But the issue of exploitation isn't simply "black or white"; there is a
grey area. _The Diamond People_, the book by Murray Schumach, mentions
how De Beers or "the Syndicate" fought for better conditions for blacks
in South Africa when the white-dominated government was in power. At
the same time critics dismissed the creation of better housing and other
benevolent acts towards blacks during that period. According to the
cynical POV the Syndicate was only trying to head off a black uprising
and also was currying favor with the future rulers of South Africa.

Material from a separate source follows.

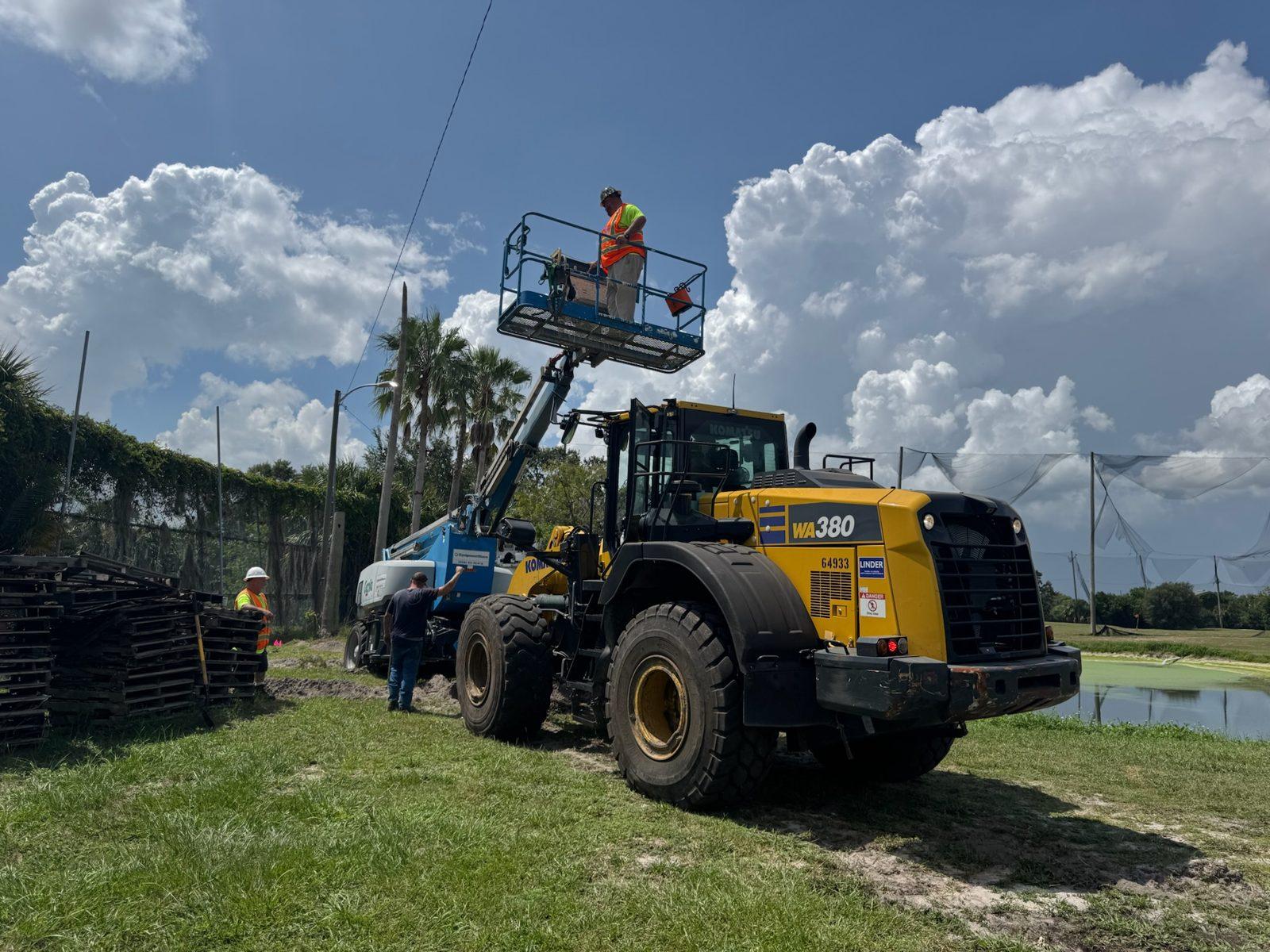 During: Lift and loader staged as removal begins. Perimeter Netting Replacement at the YMCA Par 3 Course in Lakeland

_The Diamond People_ also explained how the Syndicate dealt with the
Soviet Union when a shitload of raw diamonds were found in Siberia. The
Merchants of Empty Dreams made sure The Russians understood the
advantage of selling their rough diamonds through them. By not
"disturbing the market", as the head of De Beers inferred at that time,
the Russians found it more profitable to get behind the Syndicate's
program.

You've seen that spy thriller plot before, some criminal mastermind is
going to steal from the great diamond reserves and flood the market,
driving down the price, unless his blackmail demands are met. Such a
scenario points to the absurdity of the whole diamond business. Does
such a market reflect the "natural" law of supply and demand, a cartel
strictly holding back the supply and creating the demand through news
"stories" and slick TV ads?

Let's take a look at the history of the De Beers cartel and its
marketing arm, the Central Selling Organization (CSO). In the late
1920s there were too few buyers for a surplus of diamonds. De Beers
Chairman Sir Ernest Oppenheimer offered to buy all the diamonds
worldwide to keep the price up. By 1934 he had set up the monopolistic
practice of single-channel marketing, keeping surplus diamonds off the
market until the consumers (i.e. suckers) were ready to swallow it all,
hook, line, and gem sinker. Thus De Beers created "fundamental
stability" unlike the other markets in minerals.

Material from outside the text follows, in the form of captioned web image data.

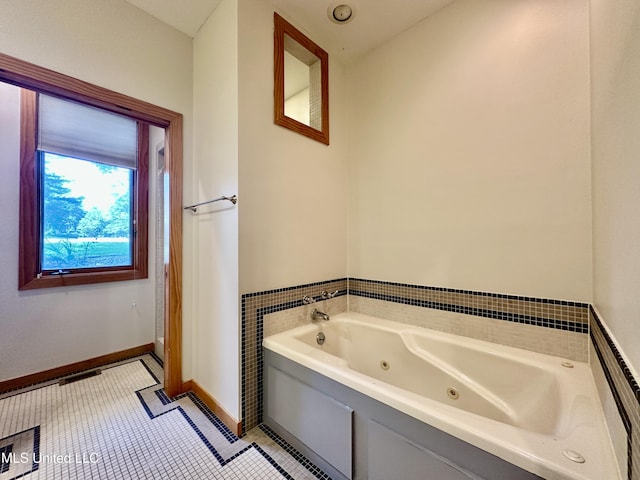 211 Monterey Dr, Clinton, MS 39056 - bathroom featuring a tub with jets, baseboards, and tile patterned floors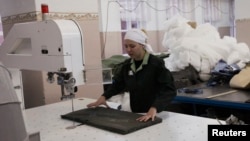 An inmate works in a sewing workshop inside female prison camp Number 22 in the Siberian city of Krasnoyarsk.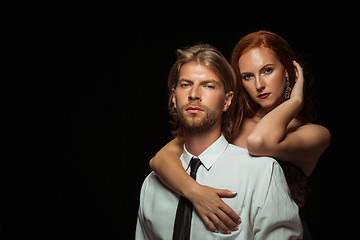 Image showing Real passion. Beautiful young loving couple bonding to each other while both standing against black studio walls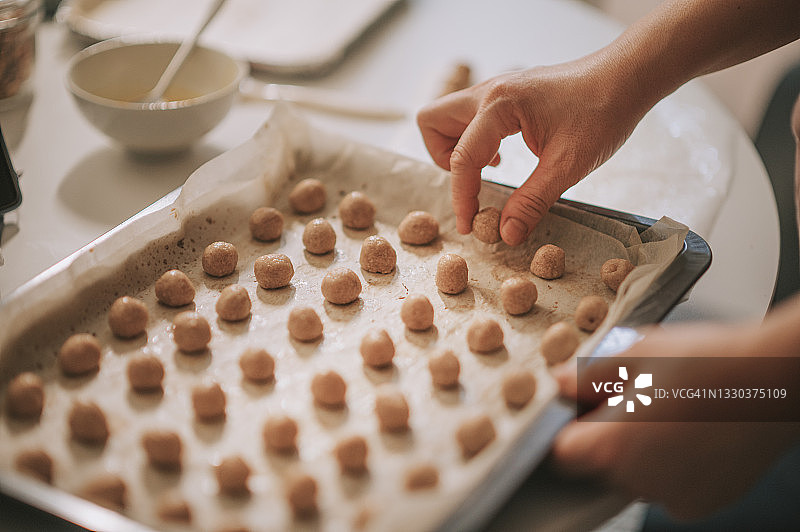 特写：亚洲中年女性在家中厨房烤盘上摆放花生饼干图片素材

But the times they are a'changing and there is more competition out
there from other companies. According to "Breaking News" at
www.diamondsinfo.com dated 2/16/98, De Beers is launching a "gem
defensive" against the lower tier of the diamond business, the cheaper
market that falls outside CSO's price control machinations. The main
feature of this defense is "branding", the same way Coca Cola sells you
overpriced sugared water in cans and bottles, beating out the sales of
the other sodas flooding the supermarket shelves.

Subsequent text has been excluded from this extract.